Salvini è un politico ormai di lungo corso, viene da una terra laboriosa come la Lombardia. Aiuti la Puglia a ritrovare la sua profonda umanità, sostenga le aziende agricole che vogliono distinguersi per virtù e per civiltà di accogliere i lavoratori ospiti, premi i processi produttivi fondati sui valori umani e lotti per la trasparenza delle filiere agroalimentari in modo che gli italiani sappiano se nei supermercati stanno comprando prodotti coltivati rispettando i diritti sociali dei lavoratori.

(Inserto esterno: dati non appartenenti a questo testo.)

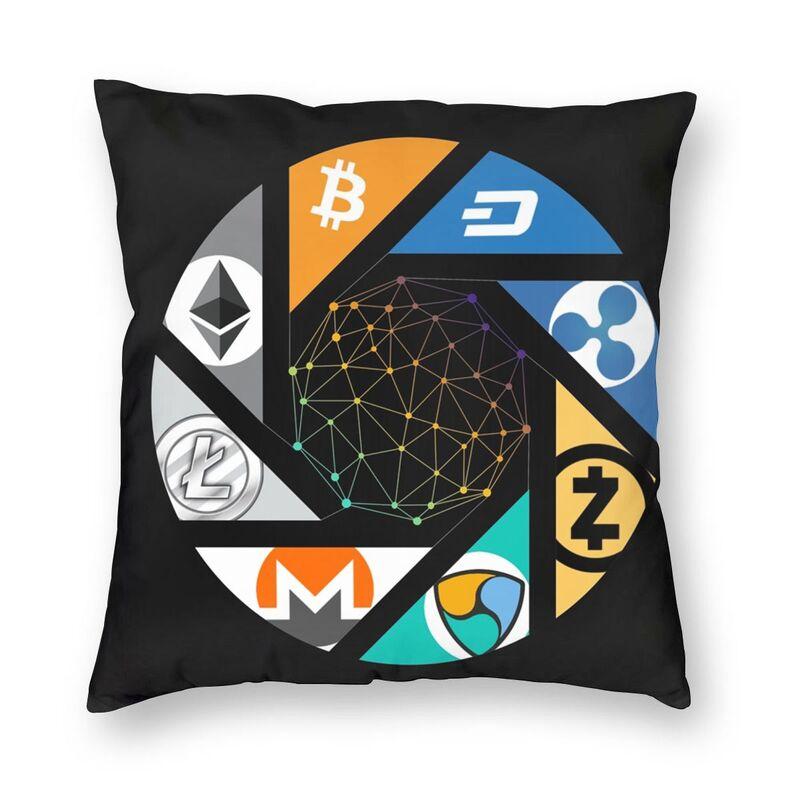 Bitcoin Cryptocurrency Square Throw Pillow Cover Decoration Print Ethereum Blockchain Btc Cryptocurrency Cushion Cover for Sofa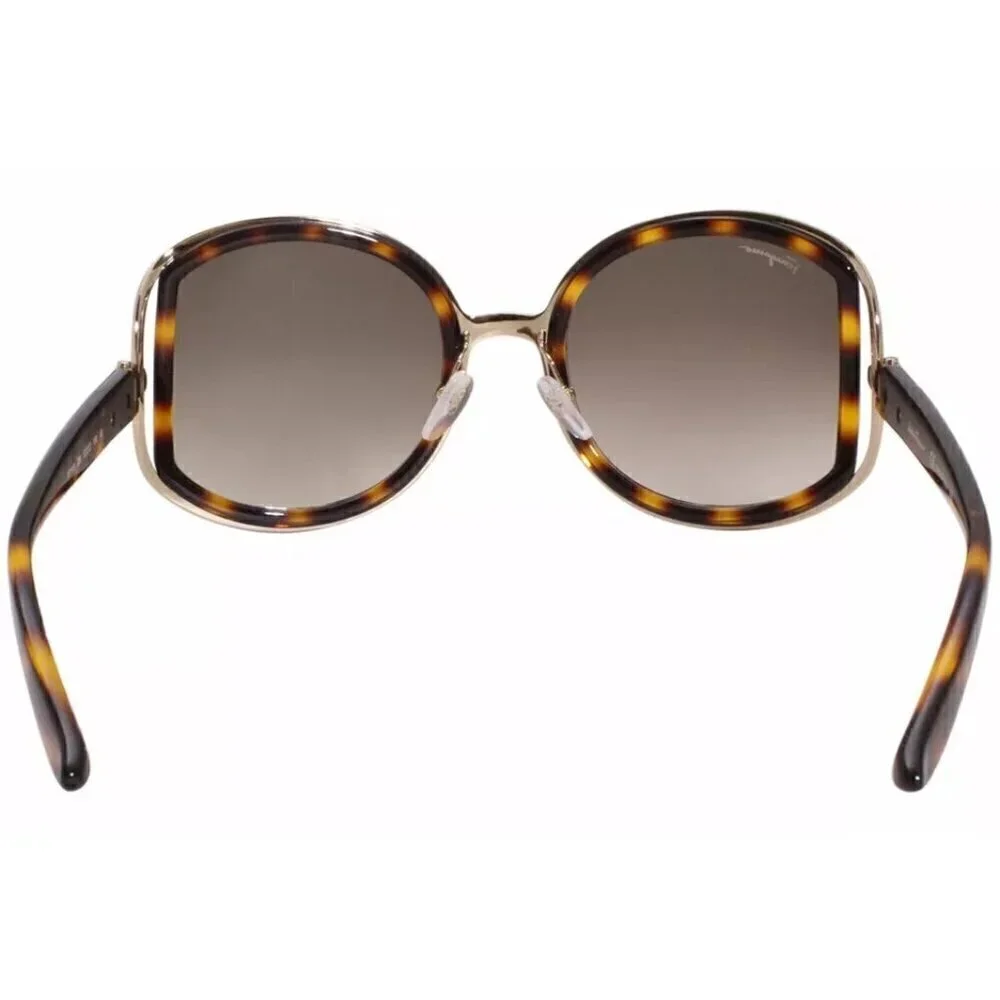 NIB Salvatore Ferragamo Oversize Tortoise Brown Side Cut Out 52mm Sunglasses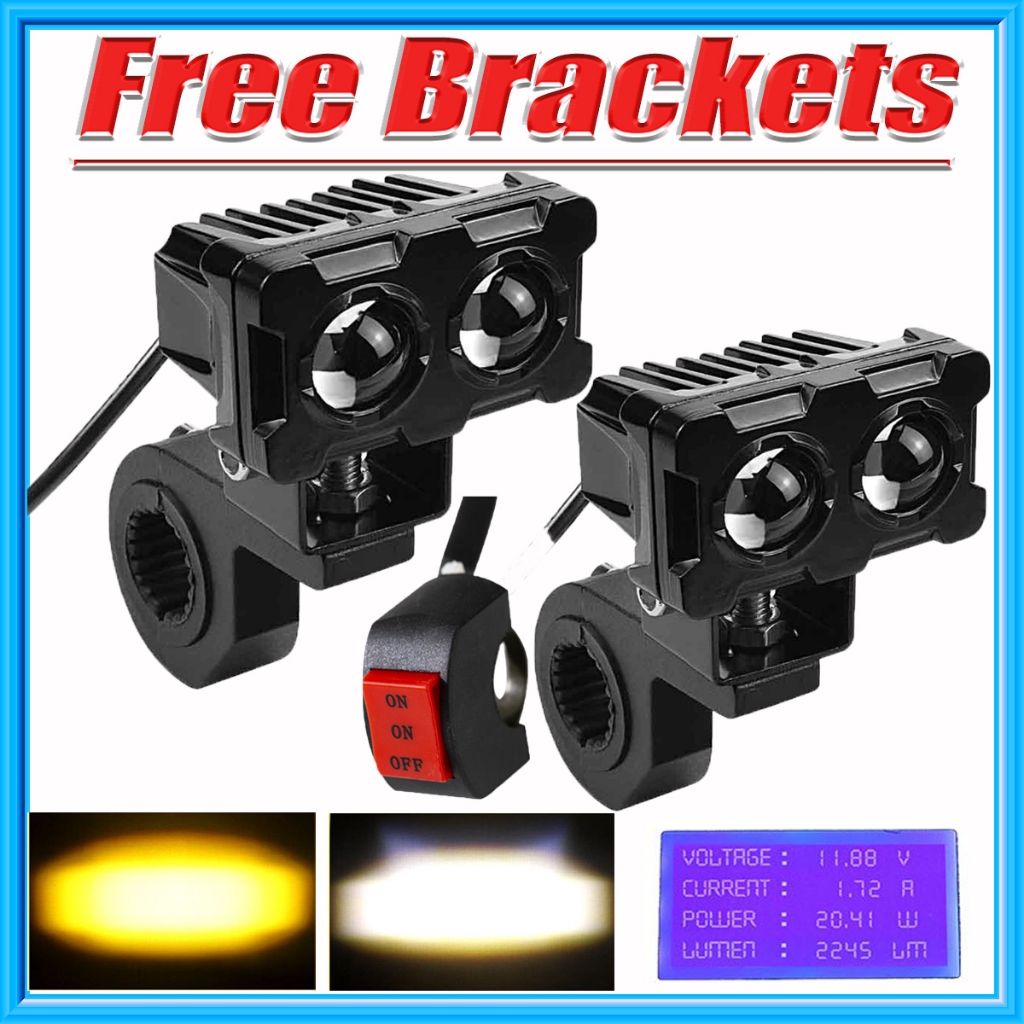 (ฟรี ขายึดอลูมิเนียม)2PCS 60W รถจักรยานยนต์ LED เลนส์สปอตไลท์เลนส์คู่ Spotlight รถจักรยานยนต์ไฟตัดหมอกเสริม สีคู่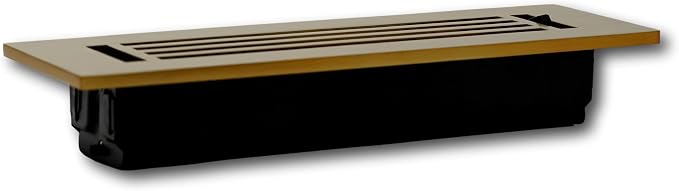 6 x 12 Cast Aluminum Linear Bar Vent Cover with Damper - Brushed Brass (Overall: 7.25 x 13.5) | Floor Register, alternate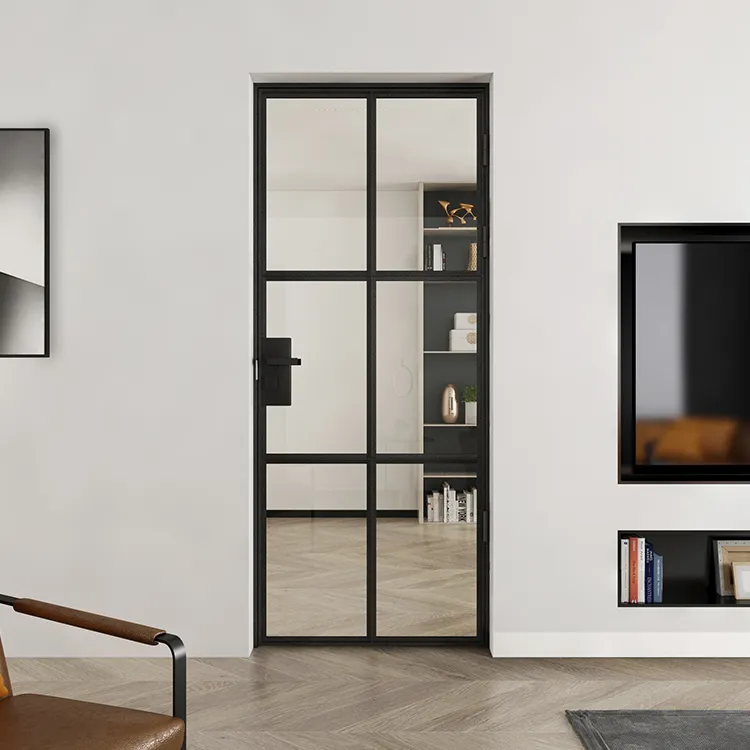 Puertas abatibles de aluminio con bisagras y marco de aluminio con recubrimiento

Noi pugliesi abbiamo molto lavoro da fare. Le classi dirigenti la finiscano di lanciarsi stracci peraltro sporchi e maleodoranti. Siano meno bellicosi e più impegnati. Il sindacalista Aboubakar Soumahoro ha invitato il vice premier Luigi Di Maio: «Venga tra di noi e capirà». Nel grande reticolo produttivo dell’agricoltura di Capitanata coesistono e si accavallano gruppi di diversa umanità. È una grande fabbrica sociale all’aperto. Sia quando il sole batte forte sui corpi e disorienta le menti sia quando piove in modo fitto il lavoro continua e l’intera umanità dei campi insiste con i gesti e l’attenzione richiesti. Quella di Capitanata è una marea umana di prossimità. Immigrati, proprietari, caporali e volontari della Caritas si conoscono e quasi vivono in prossimità, ciascuno con il proprio progetto e con la propria speranza. Molti nodi di questa rete umana e sociale sono soggetti alla corruzione a causa anche della scarsità delle risorse destinate alla distribuzione tra i diversi livelli. Ma un buon lavoro di collaborazione proattiva, tra politici, aziende e rappresentanze sociali, sarebbe la risposta migliore e più civile alla tragedia di 16 morti per lavoro. Mostrarsi bellicosi porta un titolo di giornale. Essere fattivi andando incontro agli altri e discutendo del nostro e del loro futuro farebbe della Puglia, da terra di apocalisse dei nuovi braccianti, una regione civile. Mai come in questa fase storica ci è richiesto non solo una capacità di convivenza: farci carico della vita degli altri significa rispettare soprattutto la nostra vita e alimentare la nostra speranza ad affrontare con coraggio il futuro.